North American stocks may open higher Friday despite the release of weaker than expected jobs reports in Canada and the United States.
The slowdown in job creation suggests the U.S. Federal Reserve may not have to raise interest rates much further.
Canada’s unemployment rate crept up by 0.1 percentage points to 6.5% last month as more people entered the job market, Statistics Canada said today.
There was little change in employment in December as an increase of 36,000 full-time jobs was offset by part-time losses of 38,000.
The report was weaker than economists had been expecting.
South of the border, U.S. payrolls expanded by 108,000 jobs during December, well beneath expectations, but hiring in November was revised sharply upward. The December unemployment rate slipped to 4.9%.
European indexes rose in early action.
In Asia, the benchmark Nikkei 225 index rose 2.84 points, or 0.02%, to finish at 16,428.21 points on the Tokyo Stock Exchange – the Nikkei’s highest closing since Sept. 20, 2000.
In Hong Kong, the blue-chip Hang Seng Index rose 73.31 points, or 0.48%, to 15,344.44.
The Canadian dollar opened at US85.73, down 0.22 of a cent, after falling more than 1¢ Thursday on profit taking.

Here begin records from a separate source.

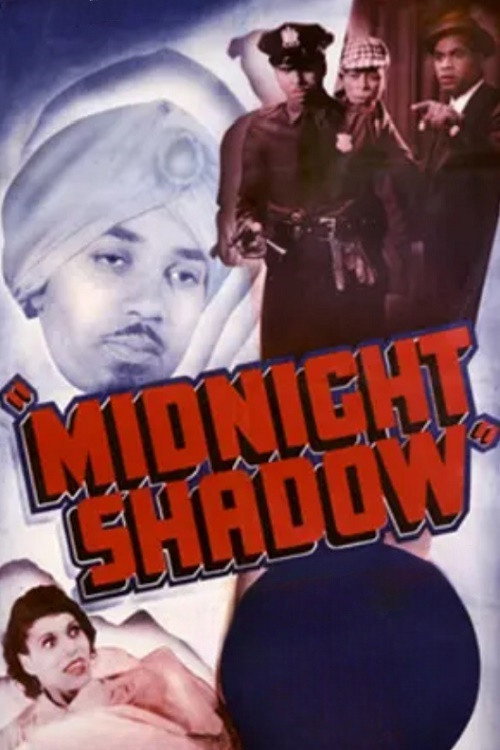 Movie poster for Midnight Shadow (1939)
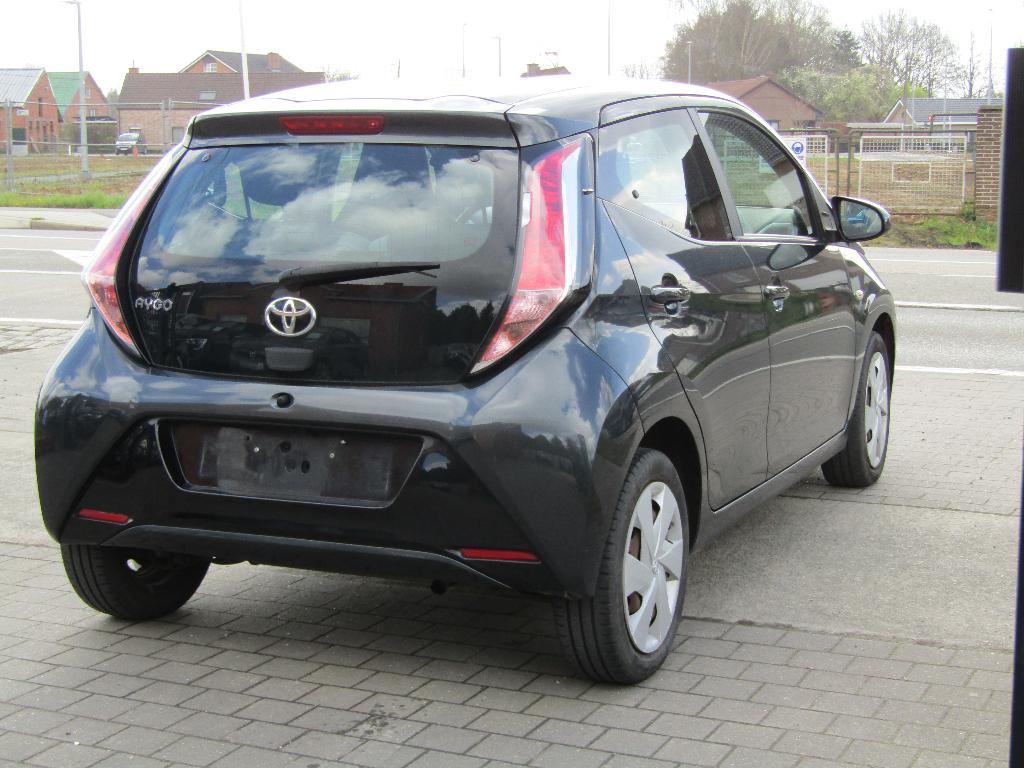 Toyota Aygo 1.0 Benzine, Autos, Toyota, Argent ou Gris, Achat, Euro 6, Entreprise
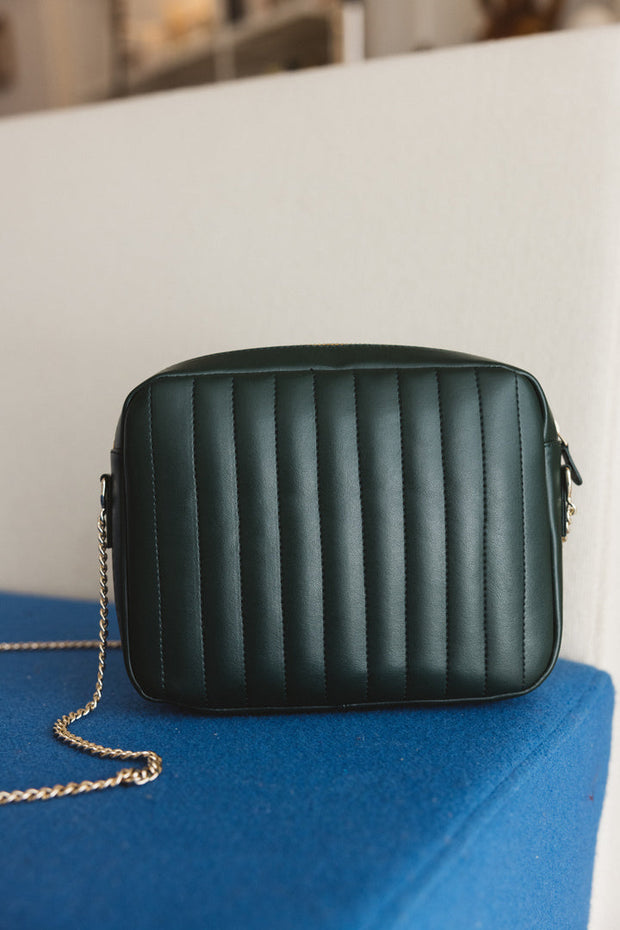 Sac César vert vegan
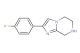 2-(4-fluorophenyl)-5,6,7,8-tetrahydroimidazo[1,2-a]pyrazine
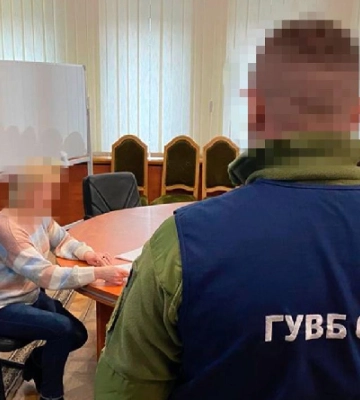 Підполковниця рівненського підрозділу СБУ виявилась фанаткою “руского міра”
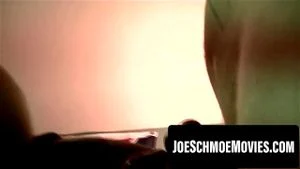 Amateur raw fucks buddy then fills mouth with jizz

Oil prices rose Friday and natural gas regained ground after a mild start to winter in the United States had pushed prices to a 4 1/2-month low. Light sweet crude for February delivery rose 33¢ to US$63.12 a barrel in electronic trading on the New York Mercantile Exchange
Toronto stocks rose marginally Thursday, taking a break after the strong gains of the two previous sessions, as the energy sector retreated while technology stocks rallied.
The S&P/TSX composite index rose 6.20, or 0.05%, to 11,507.68
The S&P/TSX Venture composite index finished down 9.54 points, or 0.42%, to 2,263.94.
In New York, markets were calm after the big run-ups of earlier this week.
The Dow Jones rose 2 points to 10,882.15, the S&P 500 rose 0.02 of a point, to 1,273.48, and the Nasdaq composite index rose 13.41 points, or 0.59%, to 2,276.87.